Tihuun hatte sein magisches Siegel auf dieser Truhe hinterlassen. Jeder Neridae wusste dadurch, dass sie und der Inhalt sein Besitz waren. Außerdem sorgte das Siegel dafür, dass weder die Truhe noch die Goldscheibe darin vom Meer eingefordert werden konnte. Weder Algen noch Muscheln noch Korallen konnten darauf wachsen und egal wie lange die Scheibe im salzigen Wasser lag, sie würde niemals Schaden nehmen. Die erste Pflicht der Magie der Neridae war es, zu bewahren.

Seine Neridae-Augen nahmen jede Einzelheit der Scheibe wahr. Winzige Kratzer, kleinste Unebenheiten, kaum erkennbare Makel, die bewiesen, wie großartig der Künstler tatsächlich gewesen sein musste, der diesen Gegenstand erschaffen hatte. Es ließ jedes Mal Tihuuns Herz schneller schlagen, wenn er seine Goldscheibe betrachtete. Wenn er mit den Fingerspitzen sacht über jedes Symbol, jede eingravierte Linie strich und sich vorstellte, was jener unbekannte Mensch empfunden haben musste, als er – oder sie – zum ersten Mal auf das fertige Werk seiner Hände herabblickte. War er stolz gewesen? Hatte er geweint vor Glück, sicher, niemals etwas Großartigeres geschmiedet zu haben? Oder hatten die Selbstzweifel überwogen?

Ach, es war ärgerlich, dass dieser Fischer hier herumlungern musste!

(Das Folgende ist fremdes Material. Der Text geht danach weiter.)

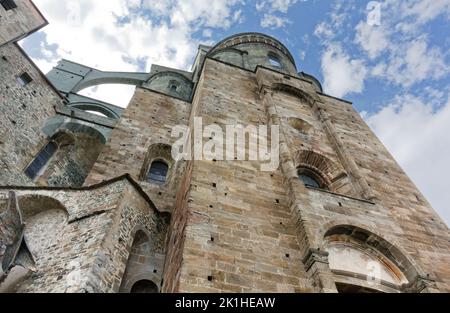 Die imposante Struktur der mittelalterlichen Abtei Sacra di San Michele im Susatal, Italien Stockfoto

Tihuun wollte so gerne Lichtstrahlen mit seiner Goldscheibe einfangen und sie hinlenken, wo immer es ihm gefiel. Ein Spiel, dessen er niemals müde wurde. Natürlich könnte er einfach warten, bis der Mensch genug Fische gefangen hatte und fortruderte. Andererseits hatte Tihuun Pflichten. Er musste das Seine leisten, damit die Kleinen nicht hungerten.

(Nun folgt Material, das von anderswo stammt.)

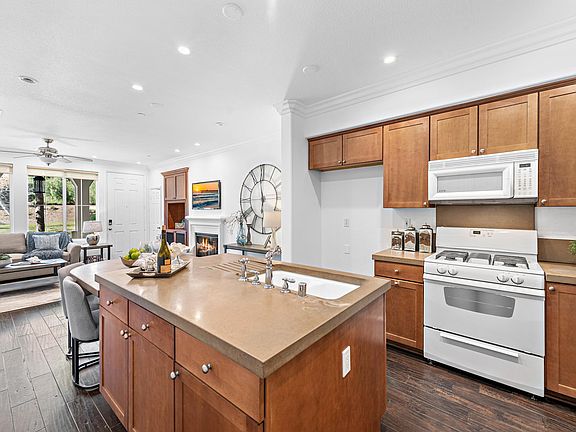 5th image of 59 Quartz Ln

Nun denn. Innerlich seufzend räumte er die Goldscheibe zurück in die Truhe. Ein anderes Mal würde er zurückkommen und seinem Licht nachjagen.

Tihuun blickte in die Höhe, um zu schauen, ob die Feuerkugel bereits am Rand des Himmelsmeeres erschienen war. Seinem Empfinden nach musste es bald soweit sein, und er konnte zudem hören, dass sich ein großer Fischschwarm näherte. Auch sonst war es belebter als eben noch. Der Meeresboden erwachte, wie stets, sobald sich die Rückkehr des Lichts ankündigte.

In diesem Moment sah er die Gefahr, die sich ohne Laut und Vorwarnung an ihn herangearbeitet hatte: Shiz’qua! Ein Geisternetz! Ein verlorenes Fischernetz, das durch das Meer trieb, bis sich etwas darin verfing und qualvoll verendete.